The Monster Squad


Originally published at Forces of Geek

The featherweight plot of 1987’s The Monster Squad involves a gaggle of suburban kids who fend off an invasion from Dracula and his coterie of creature-feature staples. Frankenstein’s monster, the Wolfman, the Mummy… even the Creature from the Black Lagoon puts in an appearance. Hey, why not? It’s that kind of film. It’s also a rip-roaring good time.

The titular squad is headed up by Sean (Andre Gower), an imaginative and personable kid who broadcasts his extracurricular interests with his “STEPHEN KING RULES” T-shirt and holds monster-centric club meetings in his tree house. Notable among Sean’s acolytes are his toddler sister Phoebe (adorable Ashley Bank) and local bad-boy Rudy (Ryan Lambert), who chain-smokes and dresses like he’s auditioning to play Danny Zuko in a local production of Grease; naturally, the other kids regard him with a mixture of fear and awe (Phoebe: “I heard he killed his dad!”).


From his first appearance, in which he vanquishes wannabe bully Jason Hervey with little more than a well-timed arched brow, Rudy pretty much owns the film. If The Monster Squad can be boiled down to a single iconic moment, it’d have to be Rudy, armed with a bow and arrow, cigarette dangling from his lips, striding forward to deal with the latest supernatural menace while snarling, “I’m in the goddamn club, aren’t I?” Rudy, my friend, you are the goddamn club.
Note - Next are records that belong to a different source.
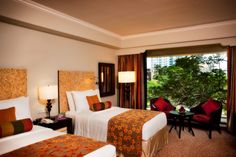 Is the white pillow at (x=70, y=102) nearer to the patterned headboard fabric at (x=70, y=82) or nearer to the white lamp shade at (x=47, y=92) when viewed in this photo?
the patterned headboard fabric at (x=70, y=82)

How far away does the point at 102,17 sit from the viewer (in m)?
3.74

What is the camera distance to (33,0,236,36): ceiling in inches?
119

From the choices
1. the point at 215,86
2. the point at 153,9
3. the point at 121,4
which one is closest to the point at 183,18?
the point at 153,9

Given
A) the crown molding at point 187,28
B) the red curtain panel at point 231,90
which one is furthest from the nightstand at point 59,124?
the red curtain panel at point 231,90

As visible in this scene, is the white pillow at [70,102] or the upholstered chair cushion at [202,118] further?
the upholstered chair cushion at [202,118]

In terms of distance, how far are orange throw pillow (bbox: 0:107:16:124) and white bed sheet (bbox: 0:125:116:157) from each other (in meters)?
0.26

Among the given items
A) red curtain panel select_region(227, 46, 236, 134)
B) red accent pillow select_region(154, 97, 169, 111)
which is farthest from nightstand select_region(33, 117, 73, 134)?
red curtain panel select_region(227, 46, 236, 134)

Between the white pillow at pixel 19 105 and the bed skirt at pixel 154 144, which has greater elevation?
the white pillow at pixel 19 105

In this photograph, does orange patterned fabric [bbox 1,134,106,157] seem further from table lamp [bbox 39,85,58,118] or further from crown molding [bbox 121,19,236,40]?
crown molding [bbox 121,19,236,40]

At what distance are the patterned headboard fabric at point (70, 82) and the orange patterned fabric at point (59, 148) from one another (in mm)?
1755

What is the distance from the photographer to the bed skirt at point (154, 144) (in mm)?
2768

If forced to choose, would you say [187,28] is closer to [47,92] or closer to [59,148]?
[47,92]

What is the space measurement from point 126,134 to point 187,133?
2.22m

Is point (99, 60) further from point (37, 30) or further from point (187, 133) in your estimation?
point (187, 133) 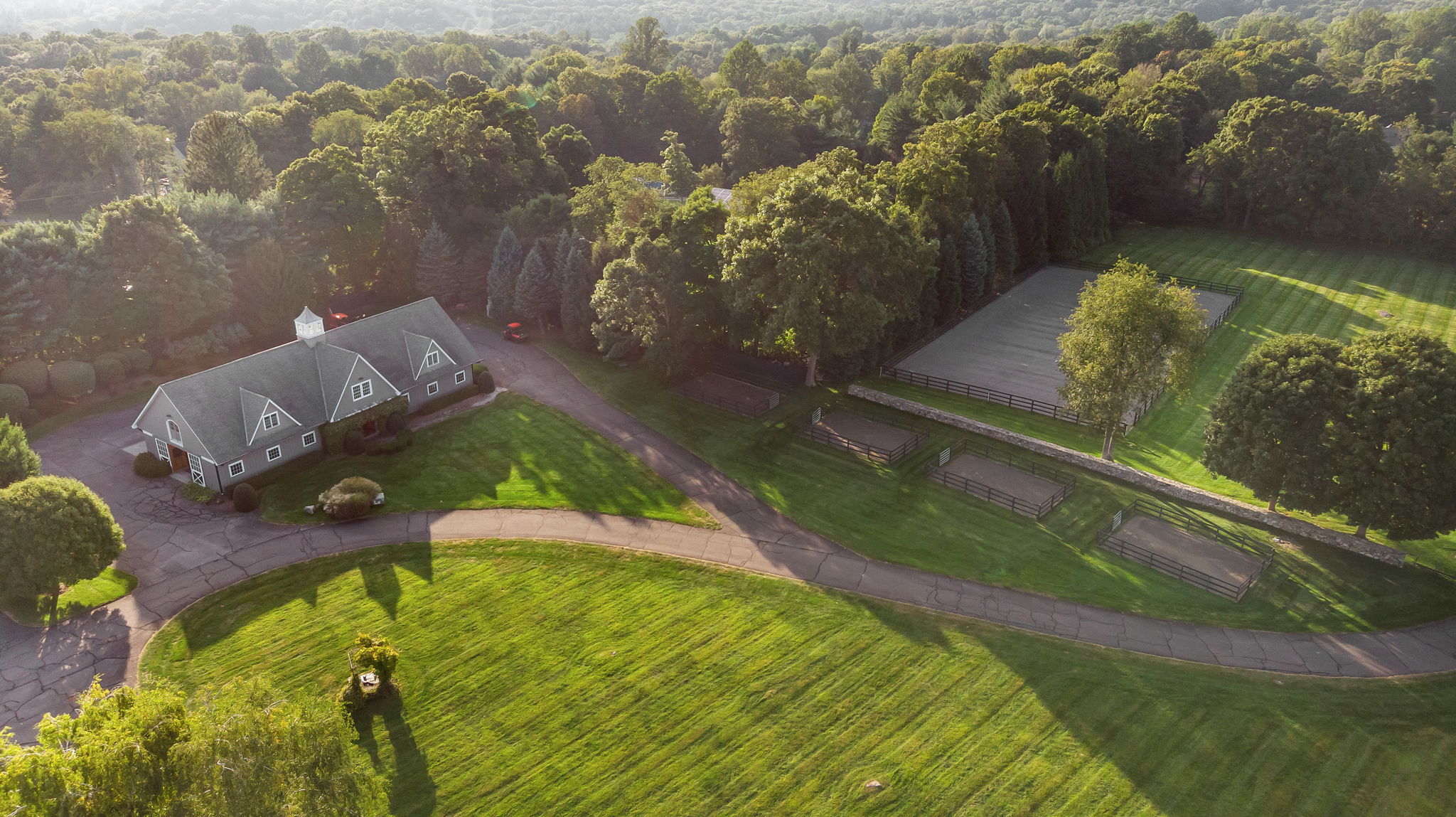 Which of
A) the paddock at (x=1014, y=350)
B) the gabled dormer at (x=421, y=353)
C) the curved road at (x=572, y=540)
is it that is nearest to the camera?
the curved road at (x=572, y=540)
Comparisons to The Goonies, the decade’s other enduring action-adventure film geared toward the preteen set, are tough to avoid. If we’re choosing sides—though I see no reason why we should—I’d have to align myself with Team Goonies, just due to its broader scope and shameless sentimentality (Mikey’s “This is our time!” speech was the most soaring rallying cry for young filmgoers since The Outsiders proclaimed, “Let’s do it for Johnny!”). The Goonies’ bucolic coastal Oregon setting also trumps the generic suburban Everytown of The Monster Squad, which never quite shrugs off the nondescript trappings of the Culver Studios backlot. Still, The Monster Squad possesses a charm of its own.

A hundred years ago in Transylvania, vampire hunter Abraham Van Helsing botches an ancient ritual that would rid the world of evil. In the present, after Sean ends up in possession of Van Helsing’s diary (his mom picked it up at a local yard sale), Dracula and his accomplices come after him to prevent him from completing the ritual. Sean and his friends team up with an elderly German neighbor (Leonardo Cimono) to stop the monsters and vanquish evil. Sparkly mystical amulets, virgins, and swirling portals to limbo are all somehow involved.

(At one point, the German neighbor remarks that he knows a thing or two about monsters, and the camera catches a fleeting glimpse of numbers tattooed on his arm. Placing a concentration camp survivor in an irreverent kiddie flick about monsters could be the height of offensiveness, but the moment is handled with enough subtlety to pull it off.)

For what it sets out to accomplish, The Monster Squad succeeds on almost all fronts. There’s not much to gripe about the nifty creature effects, which were provided by legendary visual effects whiz Stan Winston. Duncan Regehr makes an appropriately sinister Dracula, while Tom Noonan does his best to give Frankenstein’s monster a soul.

The endlessly quotable script, which was co-written by Shane Black and director Fred Dekker, snaps and pops with wisecracks. Sure, it drifts into blatant obnoxiousness more than once, especially if one’s tolerance for fart jokes veers toward the lower end of the spectrum, but after all, it’s a film for kids. Kids, I hear, enjoy a good fart joke every now and again. Not all the dialogue stands the test of time: The antigay slurs that slide so blithely out of adolescent mouths provoke an immediate, forceful negative reaction. Don’t these kids know better than that? Not in 1987, they didn’t.

Shane Black went on to write the scripts for a number of blockbusters, including the Lethal Weapon series. This is no surprise: Between the snappy banter and the big explosions and the startling body count, The Monster Squad sometimes plays like Fisher-Price’s My First Lethal Weapon Film. This holds particularly true during the anarchic climax, in which the kids trade quips while taking on the monsters, armed to the teeth with stakes, shotguns and handguns (loaded with silver bullets, natch).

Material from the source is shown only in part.